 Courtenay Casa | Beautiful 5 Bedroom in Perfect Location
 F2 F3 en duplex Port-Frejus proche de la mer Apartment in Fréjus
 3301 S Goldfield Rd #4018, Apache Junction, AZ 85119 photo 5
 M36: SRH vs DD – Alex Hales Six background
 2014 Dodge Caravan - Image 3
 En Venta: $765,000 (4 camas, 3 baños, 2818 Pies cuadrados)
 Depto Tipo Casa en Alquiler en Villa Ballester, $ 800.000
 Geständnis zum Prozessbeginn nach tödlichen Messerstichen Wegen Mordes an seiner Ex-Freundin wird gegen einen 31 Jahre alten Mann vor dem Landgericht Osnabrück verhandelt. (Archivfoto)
____________________
**Work to complete**
Write out, word for word, all lines from the line that holds "2014 Dodge Caravan - Image 3" through the last line of the listing, with both end lines kept.

**Output for this exercise**
 2014 Dodge Caravan - Image 3
 En Venta: $765,000 (4 camas, 3 baños, 2818 Pies cuadrados)
 Depto Tipo Casa en Alquiler en Villa Ballester, $ 800.000
 Geständnis zum Prozessbeginn nach tödlichen Messerstichen Wegen Mordes an seiner Ex-Freundin wird gegen einen 31 Jahre alten Mann vor dem Landgericht Osnabrück verhandelt. (Archivfoto)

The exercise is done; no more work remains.